• [What the task asks] Retype the lines below exactly, but only those from the line that has "And we are using" through the line that has "Also, I have". Omit every picture.

::: Given information :::

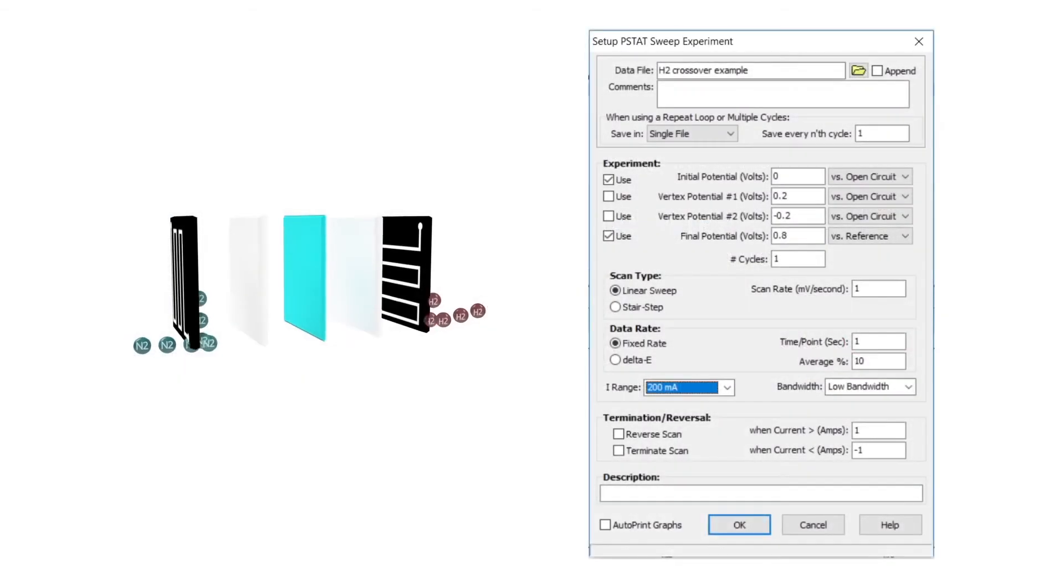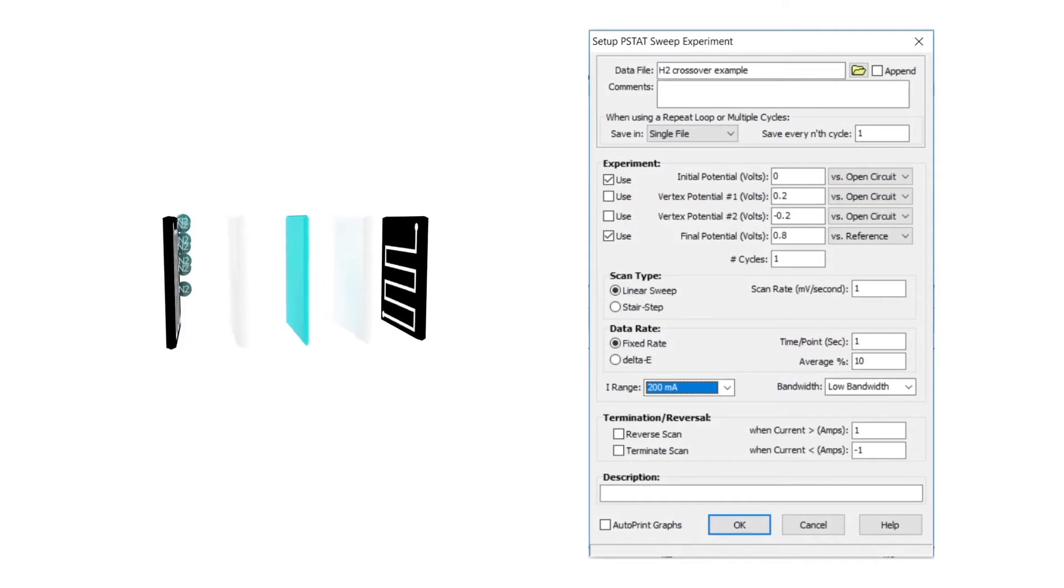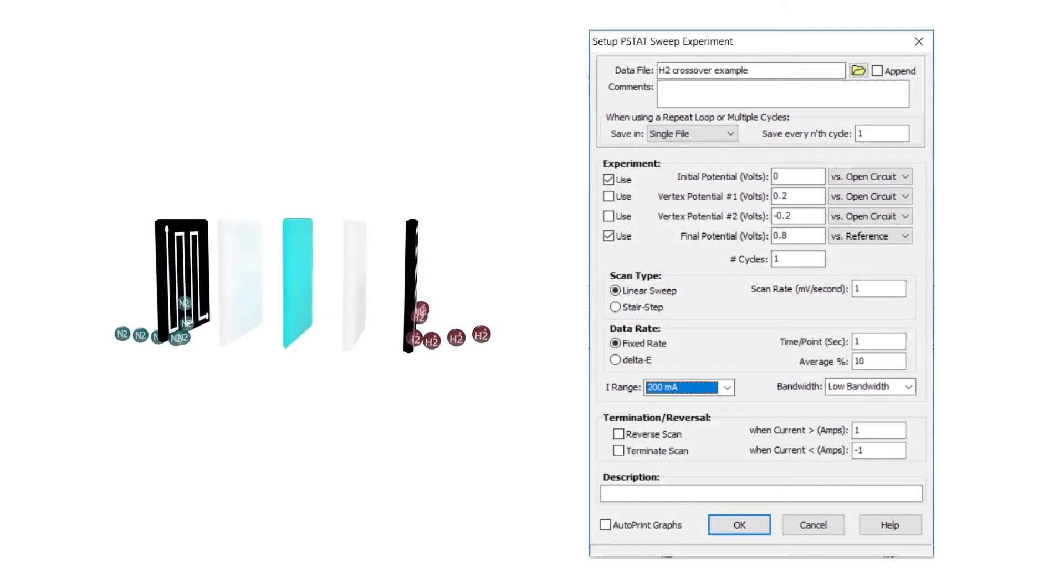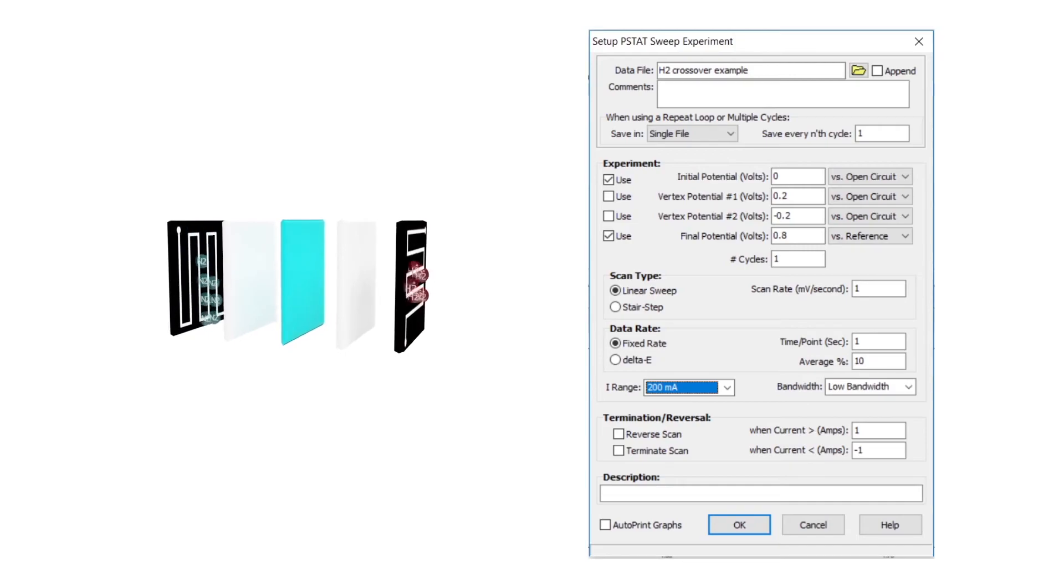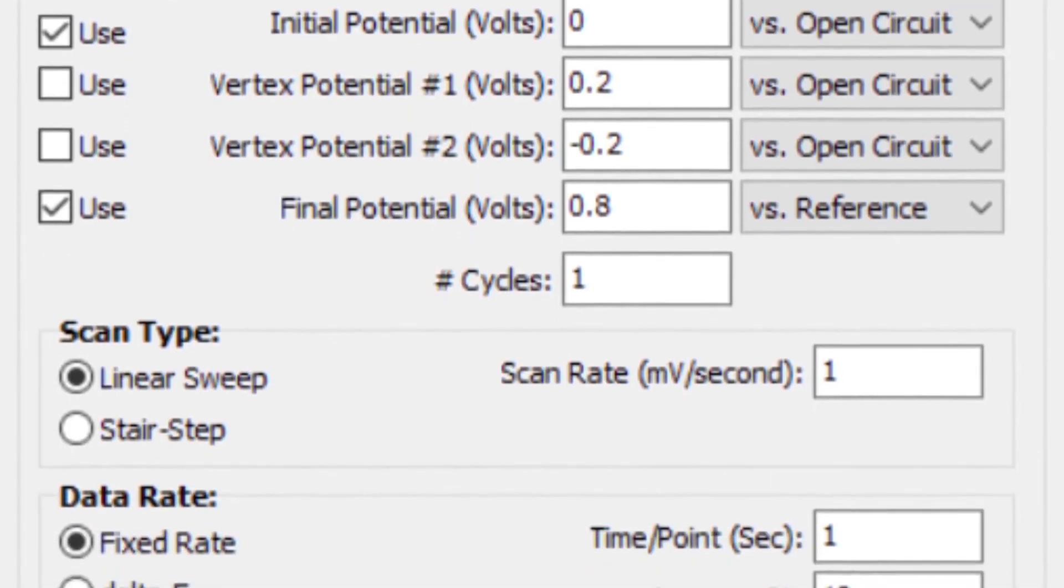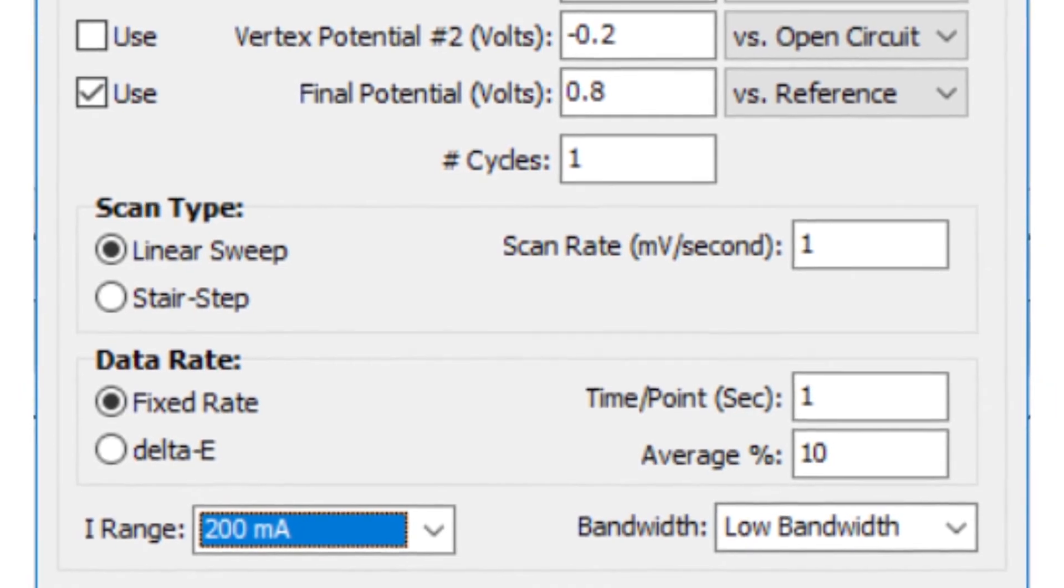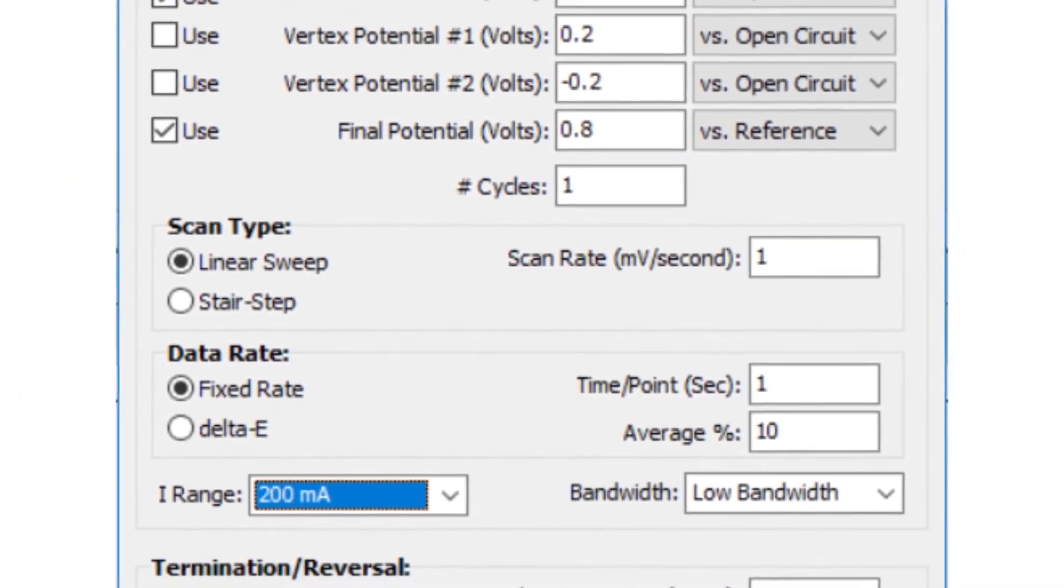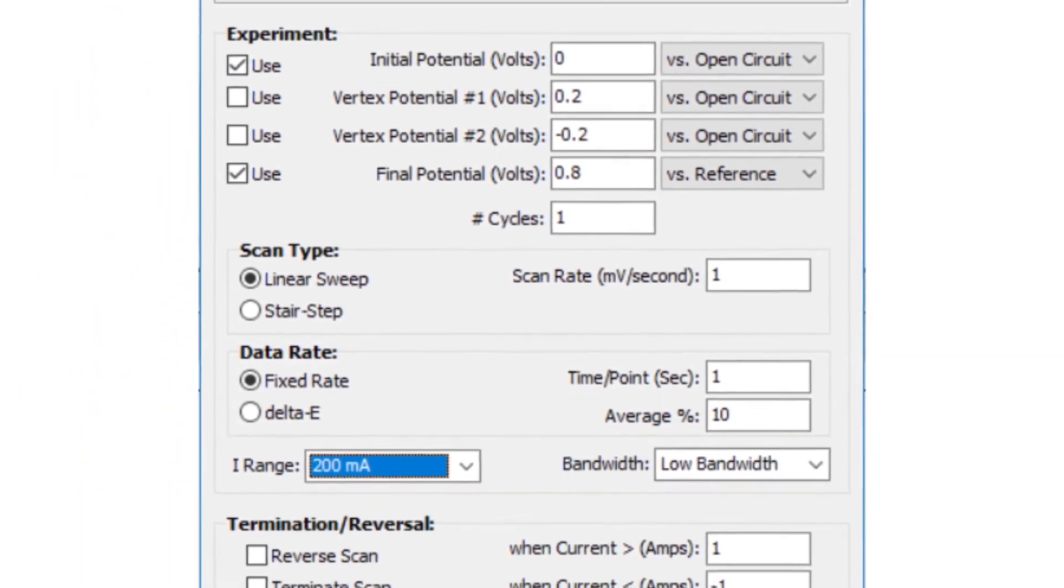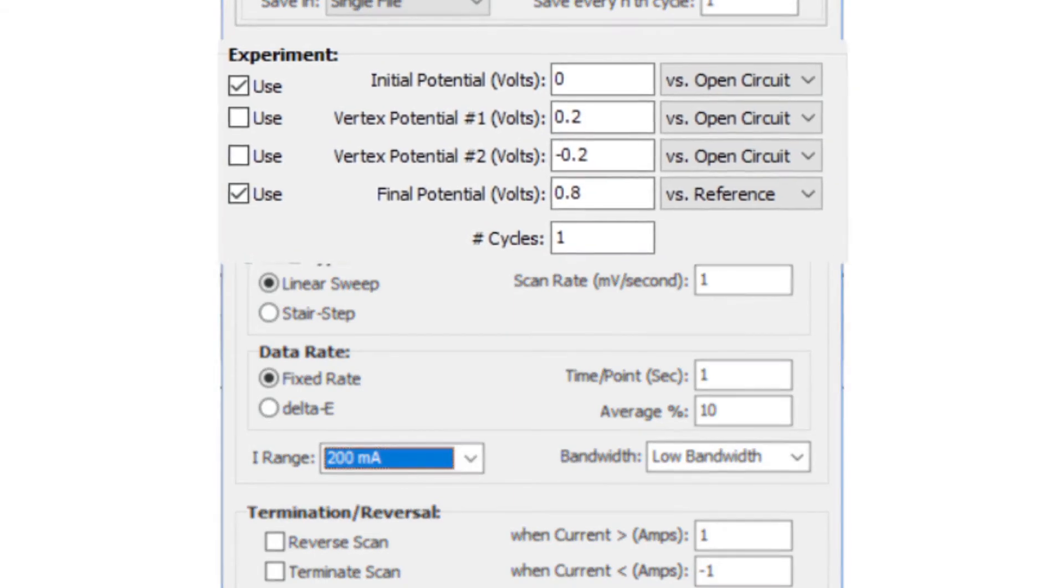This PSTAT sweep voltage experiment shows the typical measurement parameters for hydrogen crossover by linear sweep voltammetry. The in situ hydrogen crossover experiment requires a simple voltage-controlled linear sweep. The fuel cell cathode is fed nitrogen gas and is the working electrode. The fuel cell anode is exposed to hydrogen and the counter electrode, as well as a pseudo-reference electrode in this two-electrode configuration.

:::
::: Given information :::

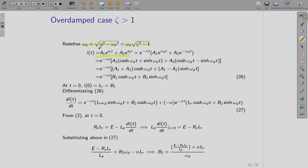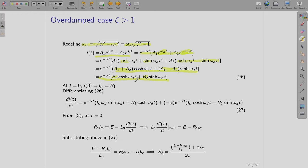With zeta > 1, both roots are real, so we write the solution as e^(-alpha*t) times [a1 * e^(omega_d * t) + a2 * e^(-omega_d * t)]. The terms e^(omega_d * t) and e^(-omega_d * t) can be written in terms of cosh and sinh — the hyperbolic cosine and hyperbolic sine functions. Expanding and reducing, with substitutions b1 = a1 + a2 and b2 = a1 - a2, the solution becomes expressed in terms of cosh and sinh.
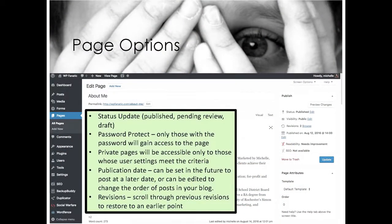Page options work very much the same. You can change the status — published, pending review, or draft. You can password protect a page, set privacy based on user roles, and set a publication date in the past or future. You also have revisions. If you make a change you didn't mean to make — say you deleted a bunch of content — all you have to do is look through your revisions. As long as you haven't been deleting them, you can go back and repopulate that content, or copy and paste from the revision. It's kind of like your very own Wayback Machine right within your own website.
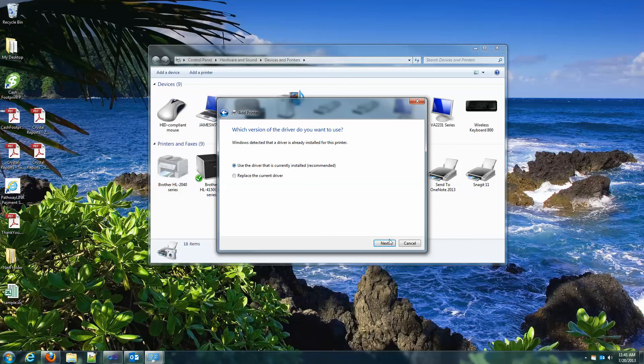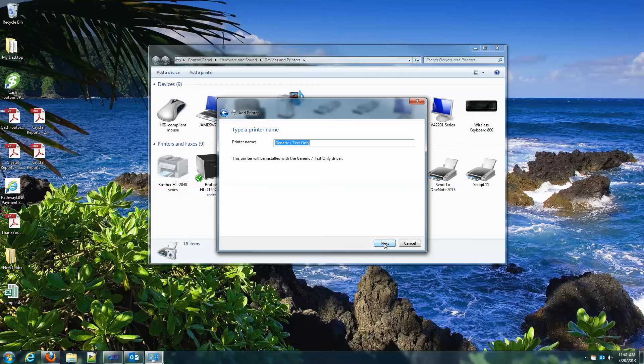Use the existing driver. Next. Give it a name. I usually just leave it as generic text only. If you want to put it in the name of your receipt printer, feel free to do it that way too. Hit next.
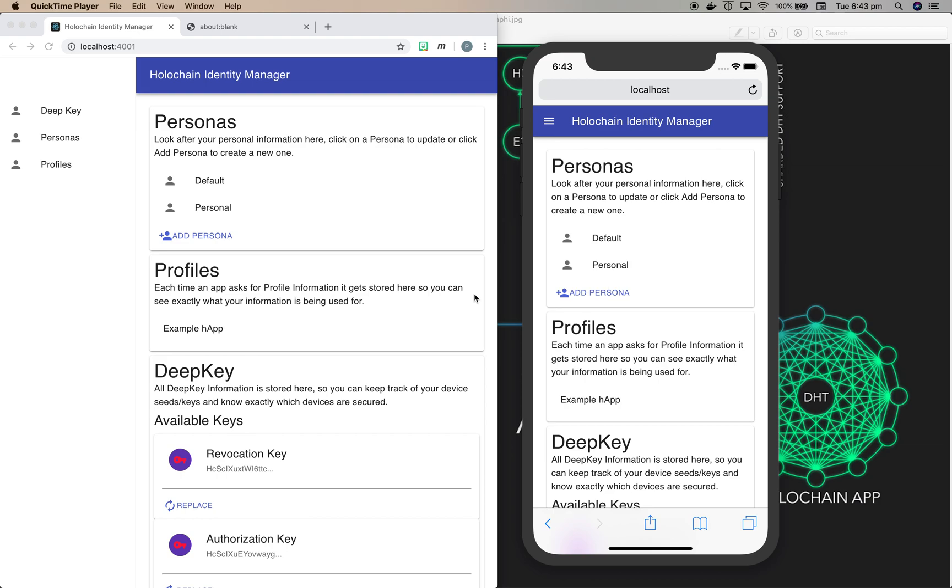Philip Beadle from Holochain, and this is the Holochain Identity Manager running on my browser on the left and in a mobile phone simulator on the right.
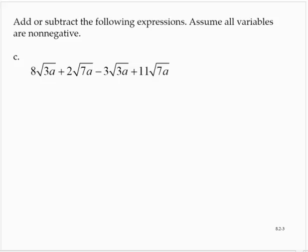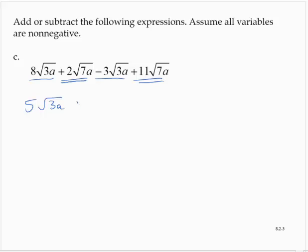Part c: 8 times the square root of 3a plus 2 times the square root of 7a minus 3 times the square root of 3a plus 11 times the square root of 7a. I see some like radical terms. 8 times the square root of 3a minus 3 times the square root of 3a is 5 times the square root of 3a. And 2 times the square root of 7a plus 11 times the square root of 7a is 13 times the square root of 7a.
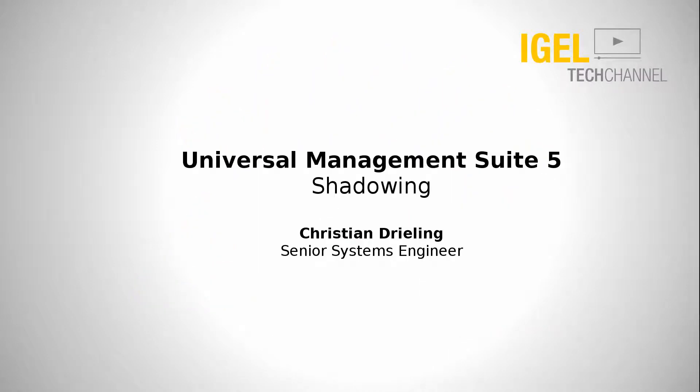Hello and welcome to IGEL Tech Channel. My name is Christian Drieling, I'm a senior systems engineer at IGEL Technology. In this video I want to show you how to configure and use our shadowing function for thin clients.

:::
::: Given information :::

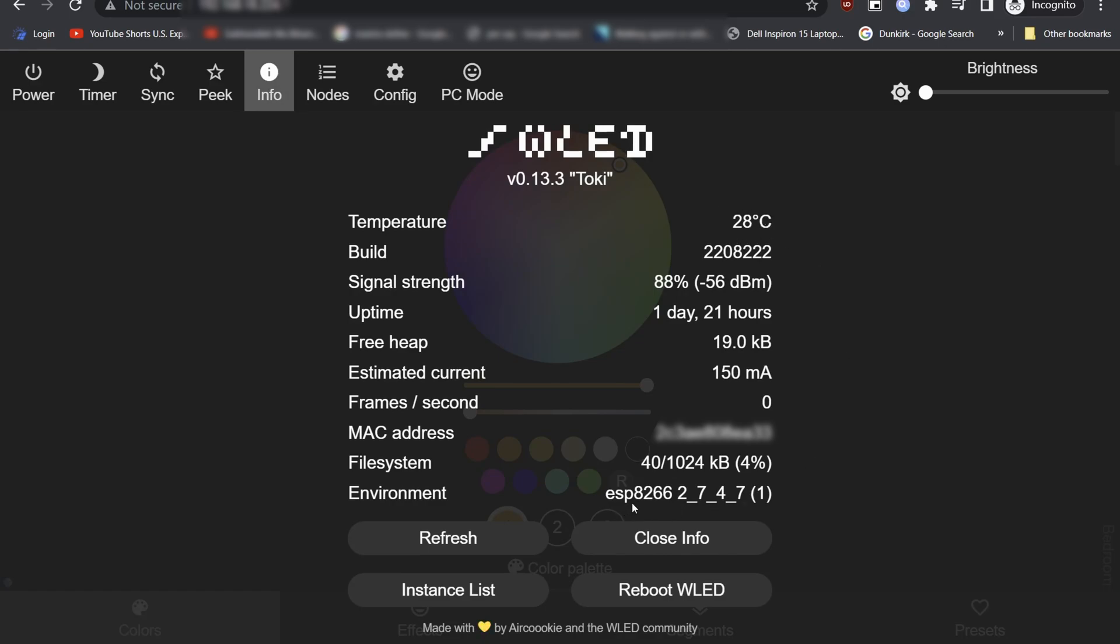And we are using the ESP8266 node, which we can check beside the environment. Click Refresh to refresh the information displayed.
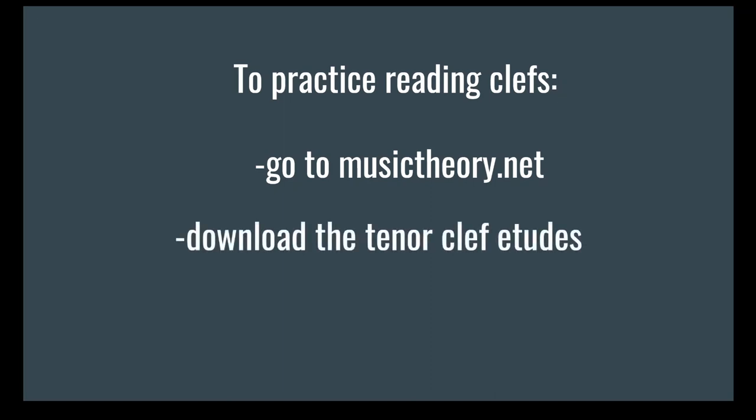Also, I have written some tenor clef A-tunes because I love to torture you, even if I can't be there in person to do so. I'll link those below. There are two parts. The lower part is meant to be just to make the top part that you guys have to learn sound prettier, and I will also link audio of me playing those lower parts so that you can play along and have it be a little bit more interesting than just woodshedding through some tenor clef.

:::

• [Your solution]
And we are using the ESP8266 node, which we can check beside the environment. Click Refresh to refresh the information displayed.
Also, I have written some tenor clef A-tunes because I love to torture you, even if I can't be there in person to do so. I'll link those below. There are two parts. The lower part is meant to be just to make the top part that you guys have to learn sound prettier, and I will also link audio of me playing those lower parts so that you can play along and have it be a little bit more interesting than just woodshedding through some tenor clef.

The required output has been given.